I got pregnant with our son. He was having seizures. I beg him to stop drinking and take care of his seizures by getting on medication. He agreed to “cut back” on his drinking, but refused to quit and refused medication. I was eight months pregnant. We were going to go black Friday shopping. He gto in the truck to drive, had a seizure, and I had to choose between letting the truck hit a possibly occupied house or an unoccupied truck. I opted for the truck and lost a part of my pinkie as a result. Yet still I stayed.

His mother asked me to take his sister to a movie. I agreed and put him in charge of watching our 9 month old son. I go to the movie, come home, and my son is passed out on the floor with no diaper on by the front door. There is a beer stein on the floor and he is passed out drunk on the couch. To this day, I have no idea whether my son got into that beer stein or not. Yet still I stayed.

We had a daughter. He was going through something and was acting high strung and upset. He was in the laundry room and was very emotional. I asked him to tell me how I could help him and in his drunken/emotional state, he looked at me dead in the eye and said, “You can never help me the way Kayla can.” I learn that Kayla was the woman that taught him how to love and that they just reconnected through social media. Yet still I stayed.

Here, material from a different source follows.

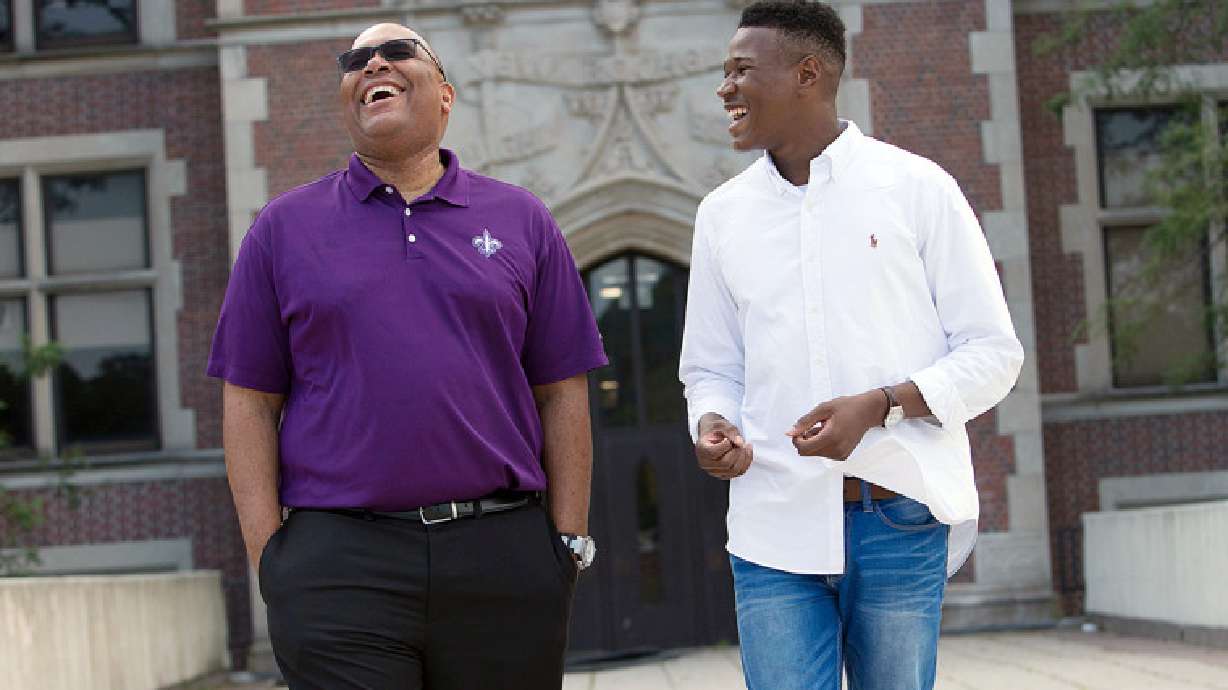 Finding a teacher who inspires is not easy for minority high school students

He asked if we cold have an ”open“ marriage, so that he has the opportunity to see other people. I’m hurt, but to please him, I tell him okay. I start focusing on myself and focusing on how I feel about myself since it appeared I wasn’t going to be able to satisfy my husband. Yet still I stayed.

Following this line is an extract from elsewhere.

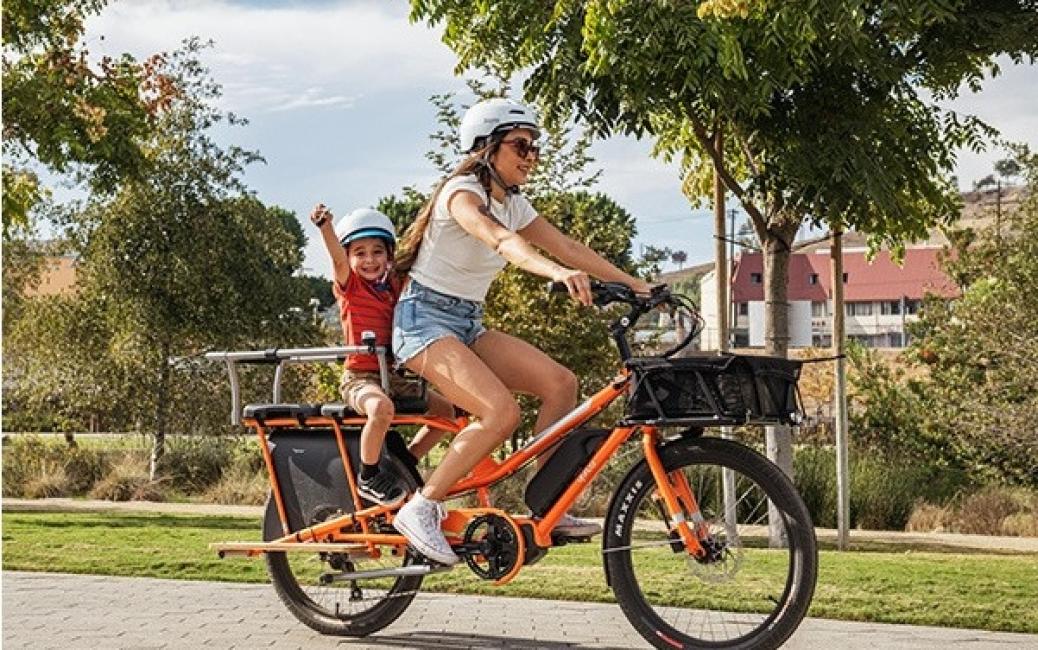 Cyclable continue de capitaliser sur les vélos cargos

I decide on a career change. This career change teaches me about inner strength and I learn about domestic violence laws. I learn that abuse is not just physical, but can be mental, too. I still stayed, but I learned more about boundaries and what I will and won’t put up with.

My sister died by suicide. He feels it’s his right to grieve before I do and forces me to hold in my emotion about my own sister’s death. His frequent line of “stop crying, it doesn’t solve anything” repeatedly played through my head. At this time, I’ve decided I need space and want to find myself and what I want without him trying to manipulate me to his will. We separated but were still married.

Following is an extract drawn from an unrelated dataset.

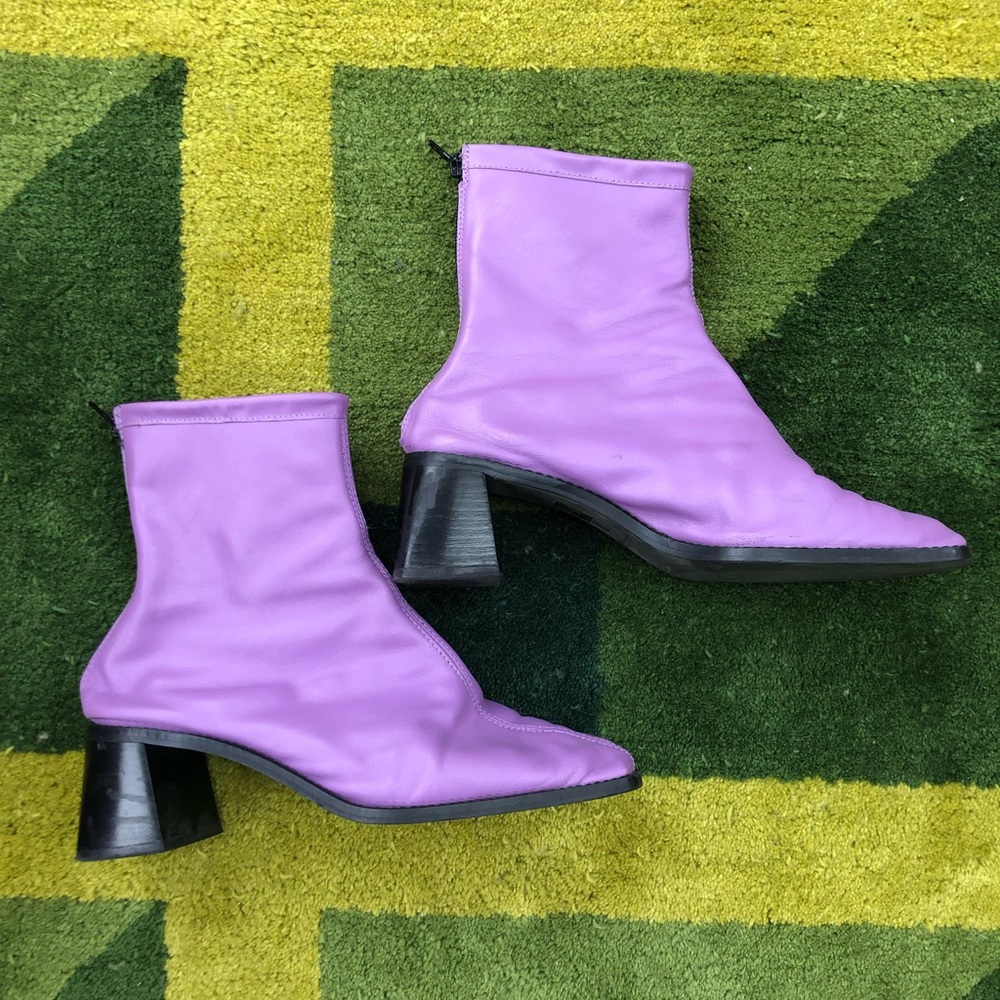 Intentionally Blank KAM ankle boots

I learn that my needs matter and that I am seen and heard by everyone I’ve surrounded myself, minus him. Feeling empowered, I stand my ground against him. He told me we need to talk about things, I told him I have no desire to talk and walked out the door. He followed me and as I tried to get in my car, he stood behind it and told me the only way I was leaving was if I ran him over. I got out of my car and walked away. He followed. I told him to stop following or I would call the police. He stopped following me and went back home.

I made my decision to get a divorce. I returned home after the previous fight, told him that what he did to me the night prior was a crime and that if he ever did anything like that to me again, he would be arrested. He tried to tell me it wasn’t a crime, so I pulled up the vernacular for the specific crime and made him read it, then told him again that he would be arrested if he ever pulled anything like that against me again. I walked out the door and felt freer than I had felt in over 10 years.

Ten years it took me. To learn and recognize that abuse comes in many forms. To learn that I have worth and that I matter. That words can and do hurt just as much as physical abuse can. It took me ten years to learn my body, my rules and I’m so very happy that I did. I continue pushing myself to remember the empowerment I felt walking away and it is a constant struggle. But someone once told me that I can move mountains, so I’m moving mountains. Even if it is just an inch at a time. I stayed for awhile, but I chose to walk away after learning my worth.